# [Work instruction]
Among the lines below, output only those between the line holding "Ferrero Rocher 8 Pieces, 100 Gram" and the line holding "Purple Nebula Drop", inclusive, exactly as written and with no pictures.

# [The data]
******

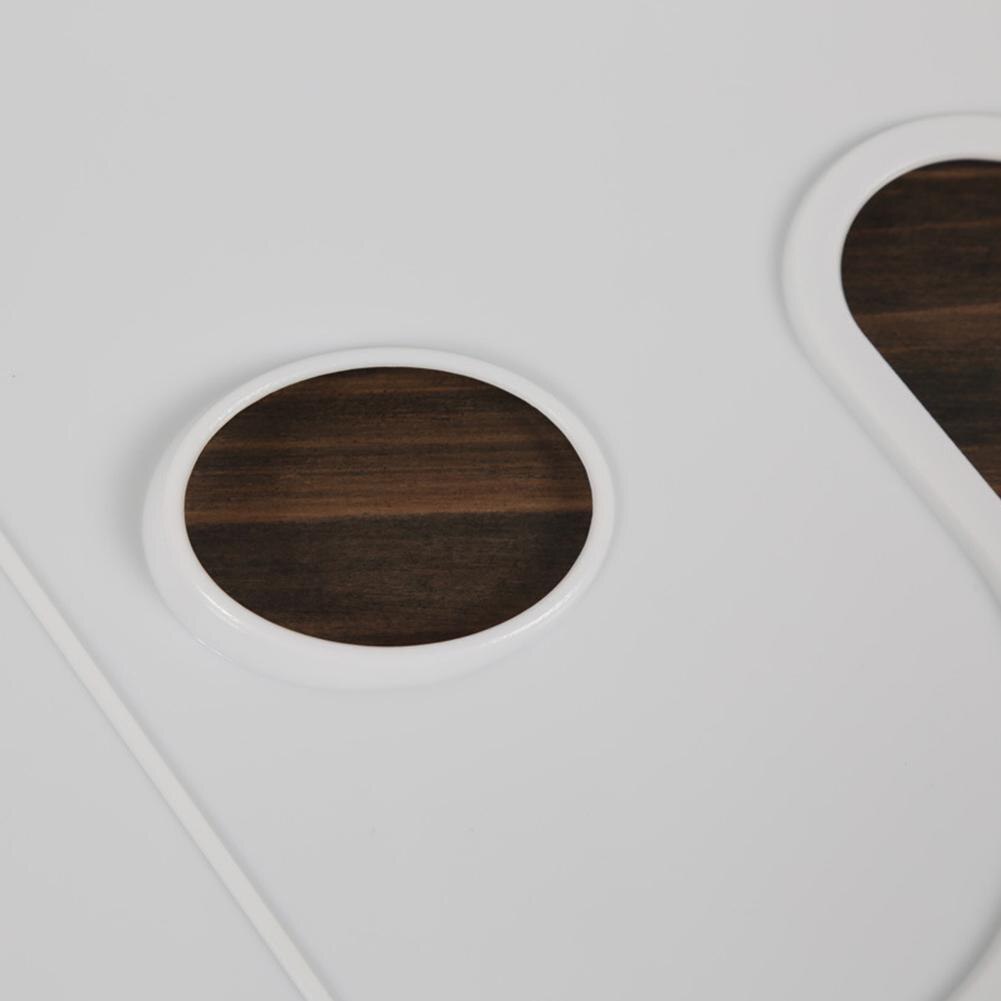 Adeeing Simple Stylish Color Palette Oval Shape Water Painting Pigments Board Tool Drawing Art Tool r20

******

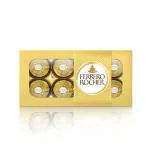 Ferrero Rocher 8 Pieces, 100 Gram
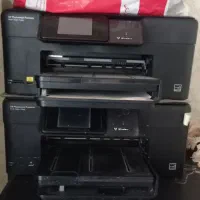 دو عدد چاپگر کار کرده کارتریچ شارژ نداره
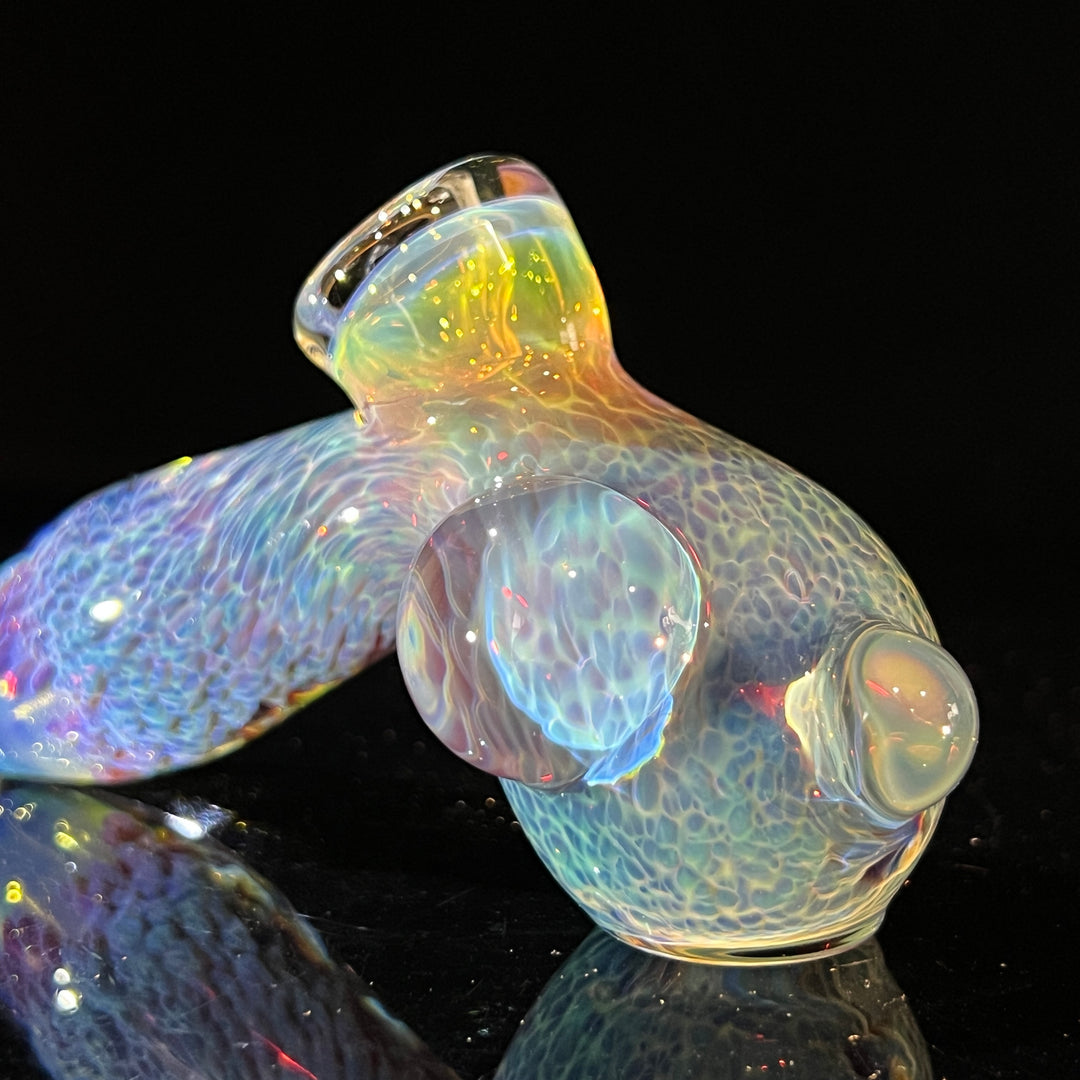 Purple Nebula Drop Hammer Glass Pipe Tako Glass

******

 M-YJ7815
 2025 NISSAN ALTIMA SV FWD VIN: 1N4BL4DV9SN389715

******

# [Response area]
 Ferrero Rocher 8 Pieces, 100 Gram
 دو عدد چاپگر کار کرده کارتریچ شارژ نداره
 Purple Nebula Drop Hammer Glass Pipe Tako Glass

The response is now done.